Joe Wheeler agrees but points out that front-line staff needs to engage in conversations not selling. “Conversations aren’t data dumps on products. They are targeted and relevant to the life stage of the person meeting with them is in.”
Branch Staff Need Better Tools to Avoid ‘Flying Blind’
The quicker digital banking capabilities are integrated into branch systems, the more likely will this happen. KeyBank, for example, integrates learnings from its financial wallet app HelloWallet, according to a Comperemedia report, so that when branch reps sit down with a customer they can use that data to run through basics about the person’s financial situation, goals and progress.
Meara is a big proponent of banks and credit unions offering online appointment booking. It allows branch staff time to prepare for a visit. “No good salesperson walks into a sales call cold,” he says. This is particularly important with more institutions using fewer people in their branches, many of them universal bankers who too often are flying blind with walk-in customers. To help increase use of appointment scheduling apps, Novantas suggests promoting the idea to consumers that they’ll get better service with the right professional by scheduling.
Horton takes this a step further saying that with right digital tools, a branch professional cannot simply speak about the best home financing options, but show a consumer what homes they might want to consider, the current trends in the property market, insurance options, and more. “Where better to put this combination of expertise and tools than in a branch where long-term relationships are forged?” Horton states.

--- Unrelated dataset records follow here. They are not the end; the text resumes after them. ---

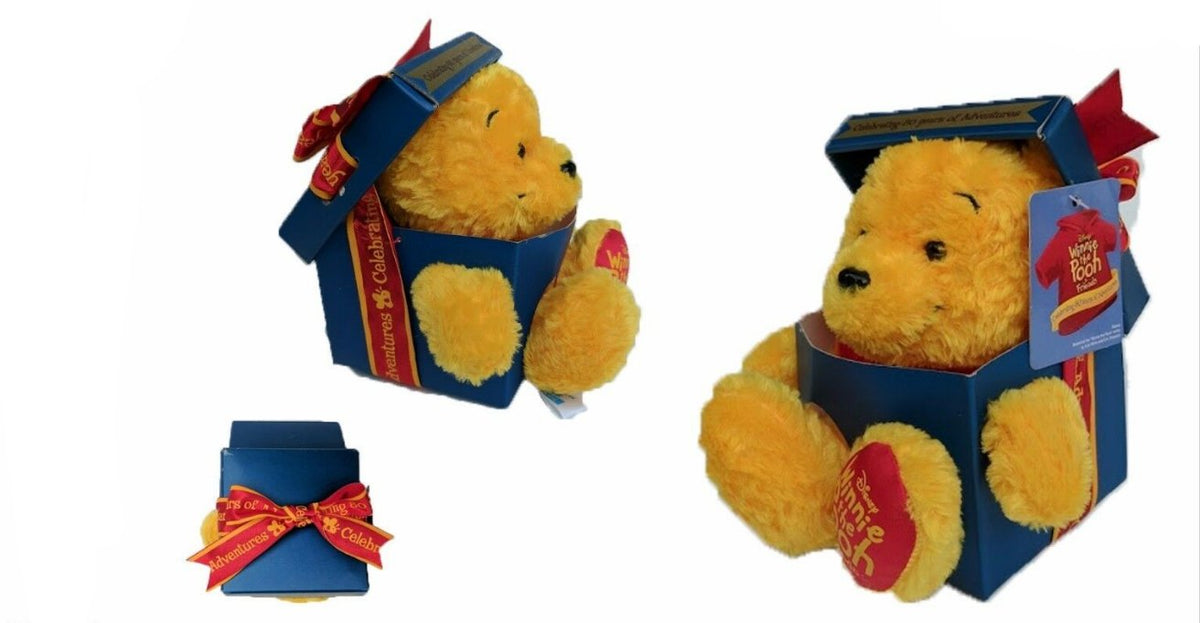 Winnie the pooh 80th anniversary deals bear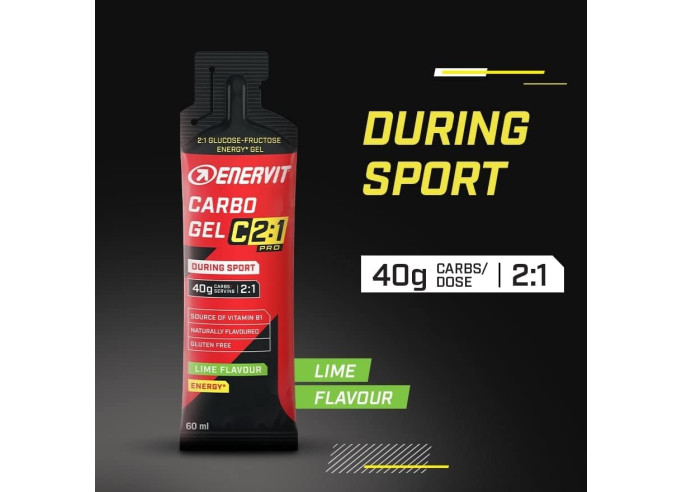 Carbo gel Enervit C2:1PRO Lime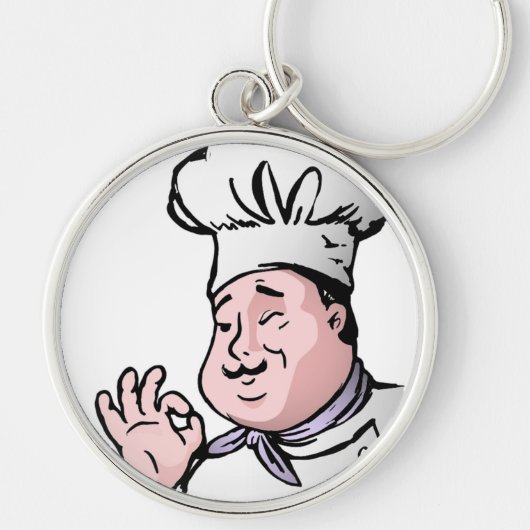 GOURMET CHEF SLEUTELHANGER (Voorkant)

There is still a great deal of work to do for many banks and credit unions to get to the point that Horton describes. The chart below, adapted from the Comperemedia report “Bank Branch Innovations 2019,” shows the results of a group of mystery shopper visits arranged by the firm to branches of nine large and regional banks and one large credit union.

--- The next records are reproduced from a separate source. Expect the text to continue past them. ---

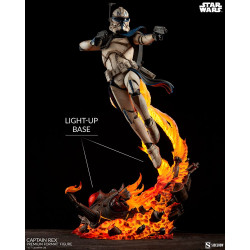 Statue Premium Format Figure Capitaine Rex Sideshow Star Wars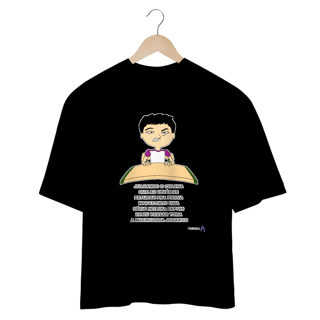 Nome do produto CAMISA OVERSIZED - DESPREZANDO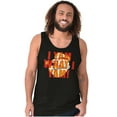 thumbnail image 5 of Popeye Catchphrase What I Yam Tank Top T Shirts Men Women Brisco Brands S, 5 of 6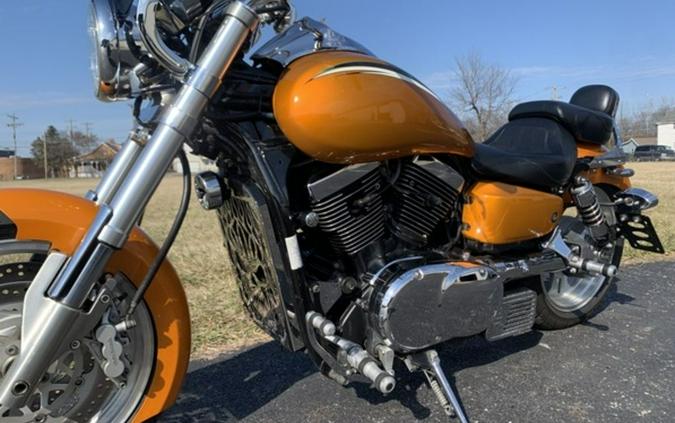 2002 Kawasaki Vulcan 1500 Mean Streak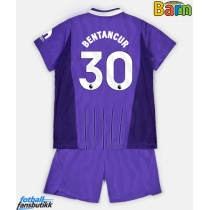 Tottenham Hotspur Rodrigo Bentancur #30 Tredjedraktsett Barn 2026-27 Kortermet (+ Korte bukser)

How Will Platform Banking Impact Branches?
With the news of Google partnering with Citibank and Stanford Federal Credit Union to offer checking, along with earlier announcements involving Chase and Amazon and Facebook’s Libra digital currency, does it even make sense to talk about modernizing branches when the basic banking model itself may be in question?
In addition to the Big Tech forays into banking, Celent’s Bob Meara points out that it is “crazy-easier than ever” for a fintech to get into the banking business. BBVA’s open API platform can get them up and running in six weeks, he says.
“If you’re a smaller financial institution, why not outsource everything except customer-facing sales and support. And why not share branches?”
— Bob Meara, Celent
“All this makes me think that if you’re one of the 12,000 smaller financial institutions in the U.S., why would you want to have a vertically integrated business model? asks Meara. “If so much of running a bank is much more efficient at scale, why would you try and compete as a small organization? Why wouldn’t you just say, ‘Why don’t we just outsource everything except customer-facing sales and support?'”
Meara relates this specifically to the issue of the future of branches. Part of the branch challenge, he says, is you can only make it so efficient. You still have buildings and lighting heat and cooling and all that, which won’t scale like digital.
He floats the thought that other community banking institutions could take a page from credit unions’ playbook. Many credit unions not only share networks of ATMs, they share branches. The Co-op Shared Branch network, for example, has 1,850 participating credit unions. It’s also a practice that’s been used by banks in other countries, as well.